SUPPLIED DATA >>
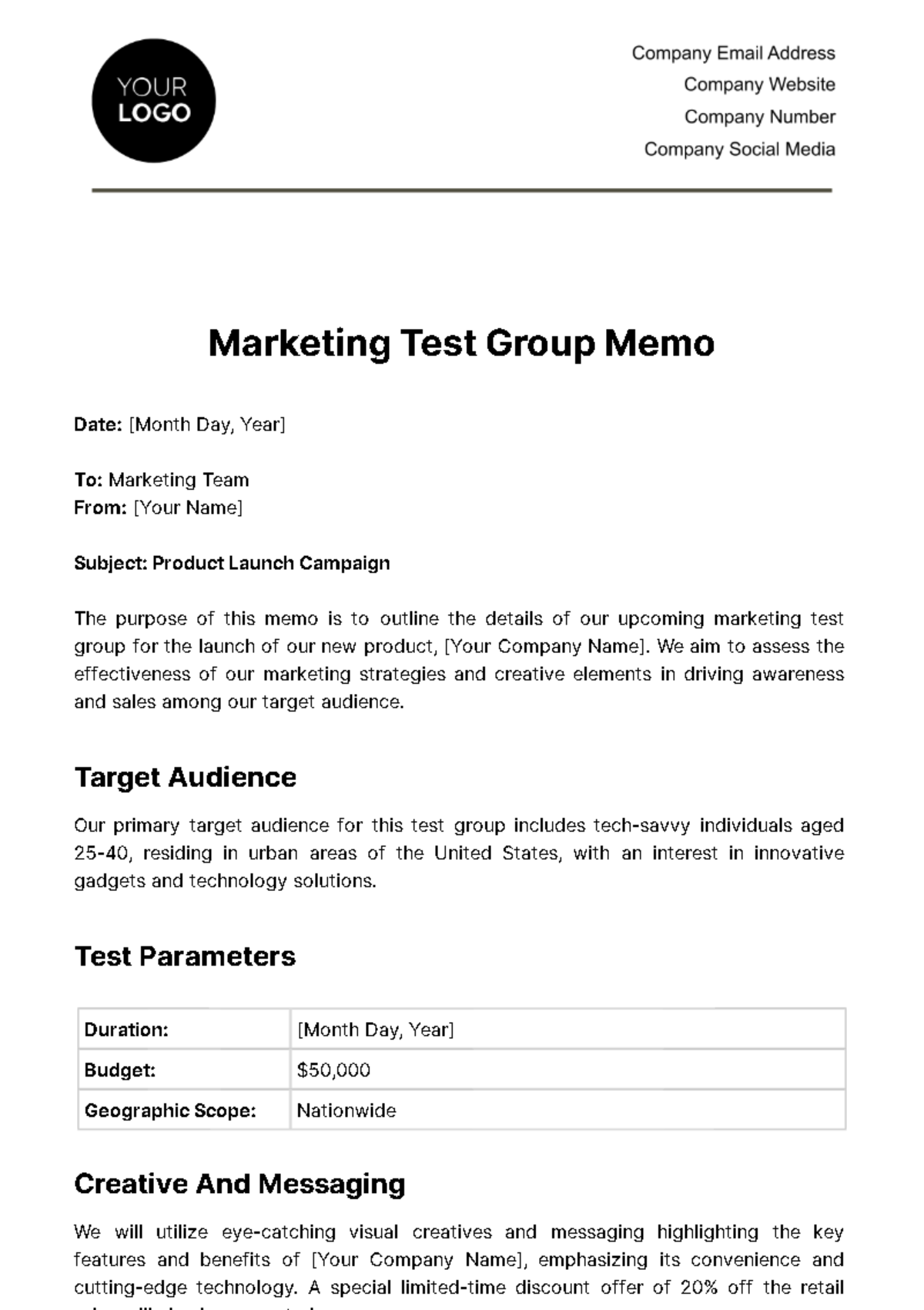 Marketing Test Group Memo Template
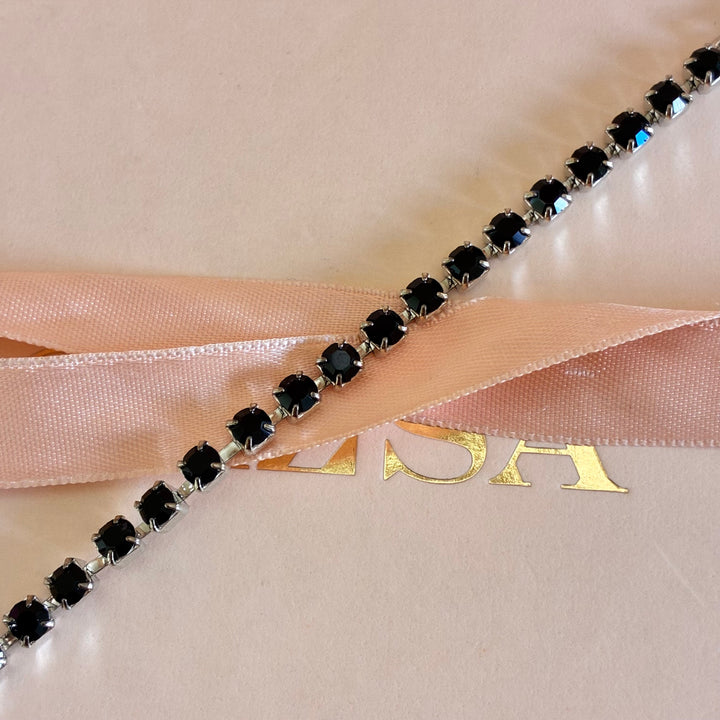 Dainty Black Preciosa crystals silver bracelet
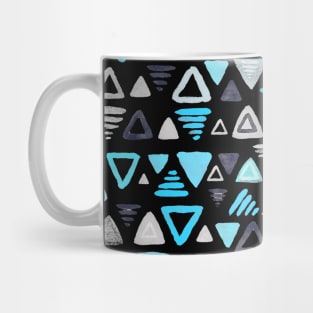 Summer Turquoise Triangles on Grey Mug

INSTRUCTIONS FOR THE TASK >> Reproduce the whole listing above character for character; pictures do not belong in it.

SOLUTION BELOW >>
 Marketing Test Group Memo Template
 Dainty Black Preciosa crystals silver bracelet
 Summer Turquoise Triangles on Grey Mug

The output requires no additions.